US warns space companies about foreign spying

Reuters

By Michael Martina

WASHINGTON (Reuters) – U.S. counterintelligence agencies on Friday warned the American space industry to guard against efforts by foreign intelligence entities to steal research and trade secrets as they try to boost their own countries’ space programs.

“We anticipate growing threats to this burgeoning sector of the U.S. economy,” a U.S. counterintelligence official told Reuters, adding that “China and Russia are among the leading foreign intelligence threats to the U.S. space industry.”


The Federal Bureau of Investigation (FBI), the National Counterintelligence and Security Center (NCSC) and the Air Force Office of Special Investigations (AFOSI) issued a two-page bulletin, saying unspecified foreign entities were using cyberattacks and techniques such as strategic investment through joint ventures and acquisitions to gain access to the U.S. space industry.

The move is the latest push by Washington to raise awareness about an issue that has long vexed counterintelligence officials and has become a higher priority as the U.S. space industry spends billions of dollars developing new rockets and other technology.

The document warned companies to be on guard for facility visit requests, and attempts to gather confidential information at conferences.

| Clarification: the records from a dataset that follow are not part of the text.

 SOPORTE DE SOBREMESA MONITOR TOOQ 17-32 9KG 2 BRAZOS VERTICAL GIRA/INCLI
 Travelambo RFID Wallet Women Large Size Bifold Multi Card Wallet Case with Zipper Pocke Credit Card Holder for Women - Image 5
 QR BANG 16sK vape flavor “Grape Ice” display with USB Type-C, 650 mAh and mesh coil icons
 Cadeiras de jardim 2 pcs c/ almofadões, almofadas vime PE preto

It also said individual employees were at risk of recruitment efforts through offers of travel abroad or consultancy work and payment for proprietary information.

It urged companies to contact the FBI or AFOSI with any concerns of being targeted, as well as to track “peculiar incidents” and establish “insider threat” programs as part of vetting individuals in sensitive positions.

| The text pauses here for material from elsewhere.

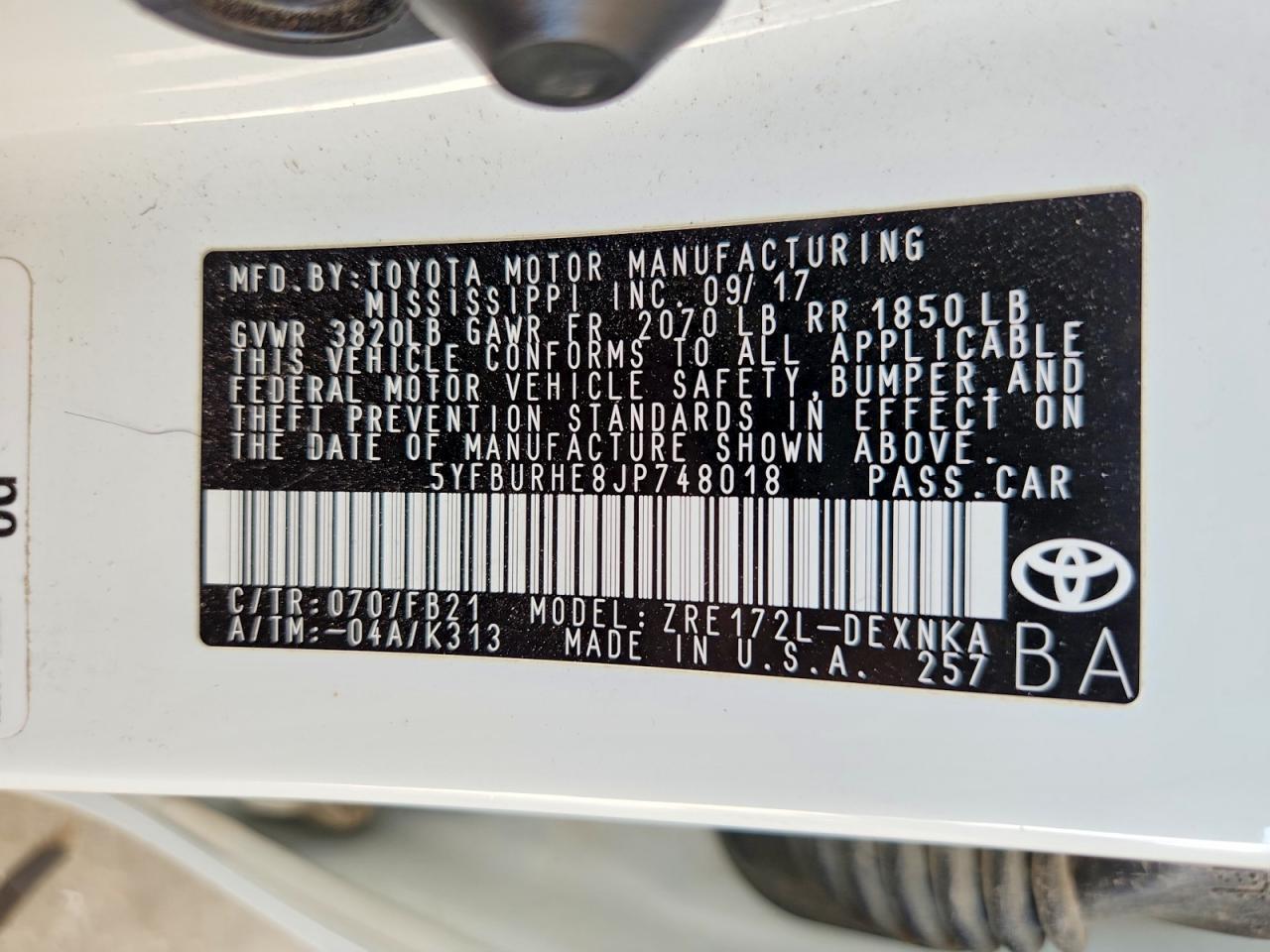 2018 TOYOTA COROLLA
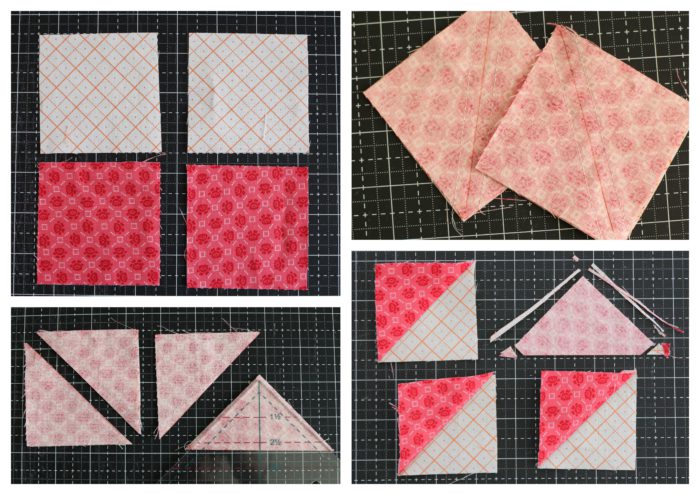 Classic Maple Leaf Quilt Block Tutorial by popular Utah quilting blog, Diary of a Quilter: collage image of maple leaf quilt block making process.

U.S. authorities have for years said Chinese hackers are targeting U.S. space know-how, including having accessed computers at the NASA Goddard Space Center and Jet Propulsion Laboratory, as well as numerous companies involved in aviation, space and satellite technology.

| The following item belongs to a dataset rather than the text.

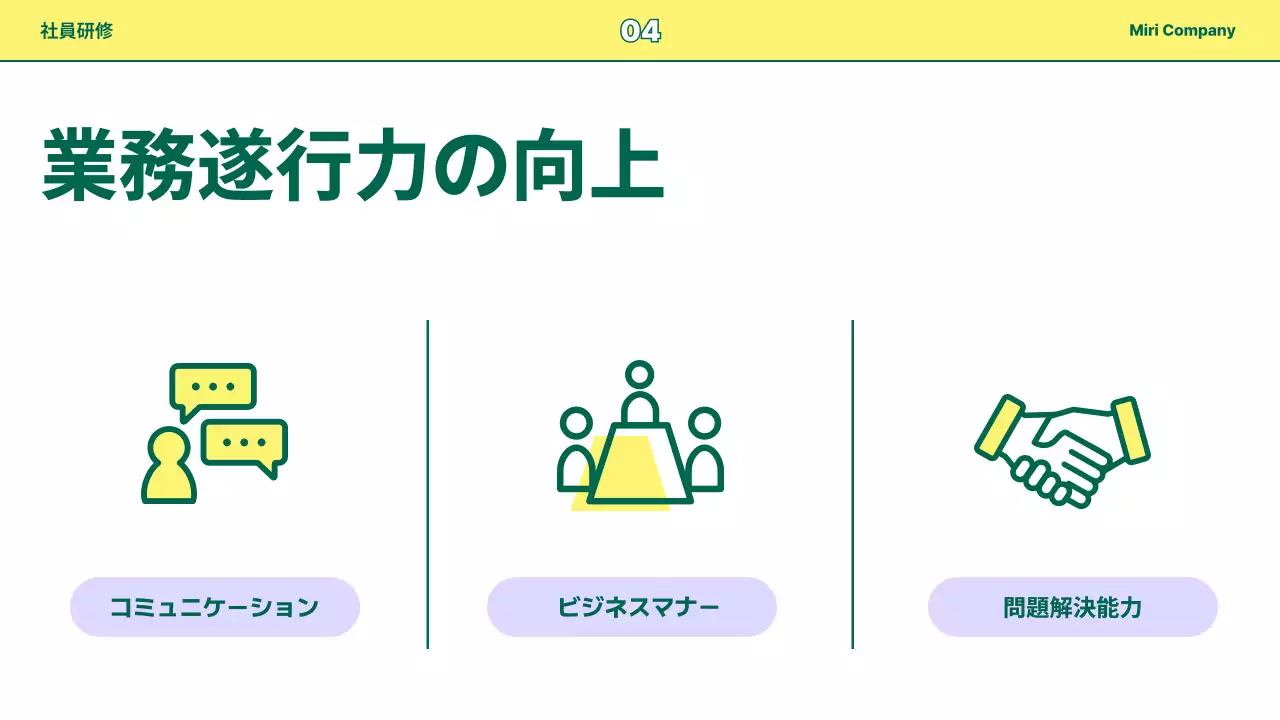 黄色 シンプル 研修 プレゼンテーション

In 2019, Chinese national Tao Li was sentenced to 40 months in prison for conspiring to illegally export military- and space-grade technology to China, including radiation-hardened power amplifiers and circuits.

China says its space program is for peaceful purposes, but U.S. military officials say Beijing sees space as crucial to its military strategy.

The U.S. warned this year that China seeks to match or surpass it as a leader in space by 2045.